This overmountain procession came chiefly up the watercourses of the south
and middle States. Prior to 1830 the mass of pioneer colonists in most of
the Mississippi Valley had been contributed by the up-country of the
south. The dominant strain in those earlier comers, as President Roosevelt
reminds us, was Scotch-Irish, a "race doubly-twisted in the making, flung
from island to island and toughened by exile"--a race of frontiersmen than
whom a "better never appeared"--a race which was as "steel welded into the
iron of an axe." They form the kernel of the "distinctively and intensely
American stock who were the pioneers of the axe and the rifle, succeeding
the French pioneers of the sword and the bateaux."

What I have just said of them, these Scotch-Irish, is in quotation, for as
I have already intimated, my own ancestry is of that double-twisting; and
since the time when my first American ancestor settled as the first
permanent minister beyond the mountains, following the paths of the French
priests in their missions and became a member of a presbytery extending
from the mountains to the setting sun, until my last collateral ancestor
living among the Indians helped survey the range lines of new States and
finally marked the boundaries of the last farms in the passes of the
Rockies, that ancestry has followed the frontier westward from where
Céloron planted the emblems of French possession along the Ohio to where
Chevalier la Vérendrye looked upon the snowy and impassable peaks of the
Rockies.

The immigrants to America of that stock had, many of them, at once on
reaching the new land found the foot-hills of mountains, chiefly in
Pennsylvania.
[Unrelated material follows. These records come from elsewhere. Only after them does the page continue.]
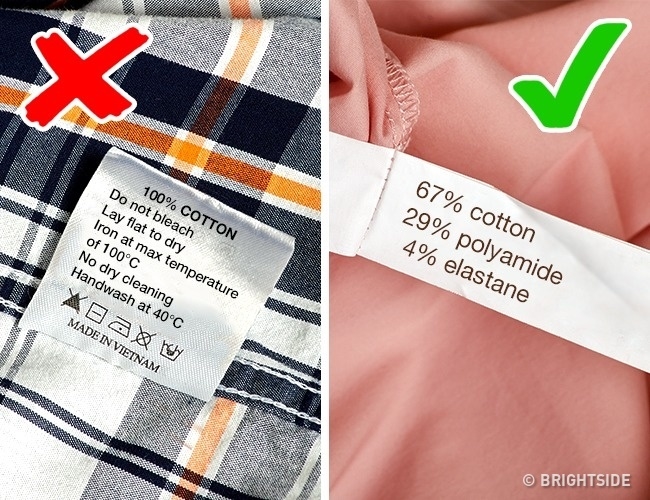 Chia sẻ kinh nghiệm cách thức vệ sinh, chăm sóc giặt giày, áo quần hữu ích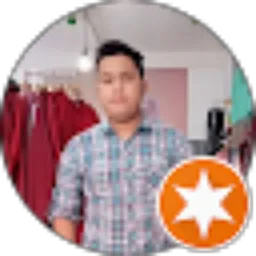 Review From Syarif Hidayat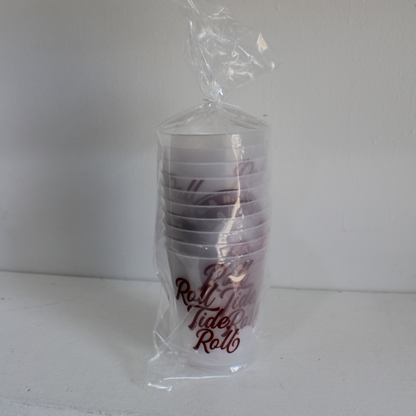 Bama Frost Flex Cup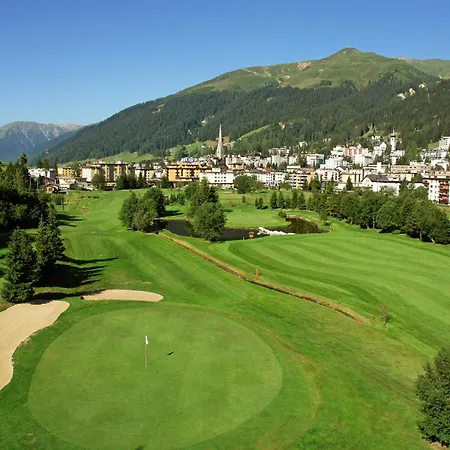 Haus Arabelle Apt-4 By Interhome Apartment *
Here they settled, gradually pushing their way southward in
the troughs of the mountain streams and making finally a "broad belt from
north to south, a shield of sinewy men thrust in between the people of the
seaboard and the red warriors of the wilderness," the same men who
declared for American independence in North Carolina before any others,
even before the men of Massachusetts. With this stock there went over the
mountain men of other origins, of course, English, French Huguenots,
Germans, Hollanders, Swedes; but the Scotch-Irish were the core of the new
life, which in "iron surroundings" became strongly homogeneous--"yet
different from the rest of the world--even the world of America, and
infinitely more the world of Europe."

In the north the great rivers lay across the tedious paths that ran with
the lines of latitude. And so it was partly for physiographic reasons that
the first far-stretching expansions of the New England settlements were
not toward this great western wilderness but northward along the narrower
valleys. It was not until the migration had filled the meagre limits and
capacities of these smaller valleys and had carried school-houses and
churches and town halls well up granite hillsides, that the western exodus
came, to leave those hillside homes and institutional shelters as shells
found far from a receding sea, empty or habited by a new species of
immigrant. [Footnote: In one of those far northern valleys which I know
best there was a school, before the exodus, of some seventy pupils,
gathered from the farmers' families of the neighborhood. Now there are not
a half-dozen pupils, and they are carried to a neighboring district.]
Farms were abandoned for the fertile fields of the far west, from which
wheat can be imported for less than the cost of raising it on the sterile
hills and in the short-summered valleys. New England had once claimed a
fraction of the great west, as, indeed, had most of the other seaboard
colonies. But these claims were surrendered to the general government, as
we shall see later, "for the common good," and so her migrants had none
other than that instinct which follows lines of latitude to keep them
practically within the zone of her relinquished claims. Over into New
York, New Jersey, and Pennsylvania her children overflowed till a map of
these States in 1820, colored to show the origin and character of their
various communities, made practically all of western New York, a part of
New Jersey and the northern third of Pennsylvania, an expanded New
England. Meanwhile the hardiest joined the transmontane migration, and in
the decade after the opening of the Erie Canal (1830-40) the whole
northern edge of the valley takes color of New England conquest.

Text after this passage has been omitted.